= TASK TO COMPLETE =
After finding the line that contains "Homemade KFC style" in the entries below, retype it and every following line precisely, the last included.
Top of DATA FOR THE TASK
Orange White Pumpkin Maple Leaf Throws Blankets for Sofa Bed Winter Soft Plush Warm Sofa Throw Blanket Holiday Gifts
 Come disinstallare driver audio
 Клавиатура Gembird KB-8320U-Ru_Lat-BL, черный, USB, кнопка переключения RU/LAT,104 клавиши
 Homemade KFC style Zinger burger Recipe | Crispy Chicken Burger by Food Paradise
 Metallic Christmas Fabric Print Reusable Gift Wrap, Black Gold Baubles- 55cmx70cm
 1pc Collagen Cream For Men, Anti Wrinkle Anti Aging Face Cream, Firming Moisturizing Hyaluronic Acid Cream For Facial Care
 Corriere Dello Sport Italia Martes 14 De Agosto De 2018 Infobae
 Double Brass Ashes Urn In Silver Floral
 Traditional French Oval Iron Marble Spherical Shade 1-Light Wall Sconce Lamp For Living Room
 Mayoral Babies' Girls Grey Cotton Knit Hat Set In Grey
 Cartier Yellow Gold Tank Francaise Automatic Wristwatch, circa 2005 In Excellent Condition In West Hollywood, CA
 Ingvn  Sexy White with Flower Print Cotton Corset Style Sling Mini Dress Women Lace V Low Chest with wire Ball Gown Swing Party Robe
Bottom of DATA FOR THE TASK
= WRITTEN ANSWER =
 Homemade KFC style Zinger burger Recipe | Crispy Chicken Burger by Food Paradise
 Metallic Christmas Fabric Print Reusable Gift Wrap, Black Gold Baubles- 55cmx70cm
 1pc Collagen Cream For Men, Anti Wrinkle Anti Aging Face Cream, Firming Moisturizing Hyaluronic Acid Cream For Facial Care
 Corriere Dello Sport Italia Martes 14 De Agosto De 2018 Infobae
 Double Brass Ashes Urn In Silver Floral
 Traditional French Oval Iron Marble Spherical Shade 1-Light Wall Sconce Lamp For Living Room
 Mayoral Babies' Girls Grey Cotton Knit Hat Set In Grey
 Cartier Yellow Gold Tank Francaise Automatic Wristwatch, circa 2005 In Excellent Condition In West Hollywood, CA
 Ingvn  Sexy White with Flower Print Cotton Corset Style Sling Mini Dress Women Lace V Low Chest with wire Ball Gown Swing Party Robe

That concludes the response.